**Prompt**
Your job is to restate each entry word for word.

**Crawled caption data**
────────────────

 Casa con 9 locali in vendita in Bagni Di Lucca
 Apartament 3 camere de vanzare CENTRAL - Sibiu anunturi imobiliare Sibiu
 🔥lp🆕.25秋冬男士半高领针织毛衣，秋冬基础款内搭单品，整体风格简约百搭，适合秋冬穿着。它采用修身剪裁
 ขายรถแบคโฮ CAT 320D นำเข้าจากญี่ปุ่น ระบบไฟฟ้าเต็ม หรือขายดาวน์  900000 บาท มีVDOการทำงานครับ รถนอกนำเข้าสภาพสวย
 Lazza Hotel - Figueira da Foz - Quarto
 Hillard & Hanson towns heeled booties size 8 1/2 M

────────────────

**Response for this exercise**
 Casa con 9 locali in vendita in Bagni Di Lucca
 Apartament 3 camere de vanzare CENTRAL - Sibiu anunturi imobiliare Sibiu
 🔥lp🆕.25秋冬男士半高领针织毛衣，秋冬基础款内搭单品，整体风格简约百搭，适合秋冬穿着。它采用修身剪裁
 ขายรถแบคโฮ CAT 320D นำเข้าจากญี่ปุ่น ระบบไฟฟ้าเต็ม หรือขายดาวน์  900000 บาท มีVDOการทำงานครับ รถนอกนำเข้าสภาพสวย
 Lazza Hotel - Figueira da Foz - Quarto
 Hillard & Hanson towns heeled booties size 8 1/2 M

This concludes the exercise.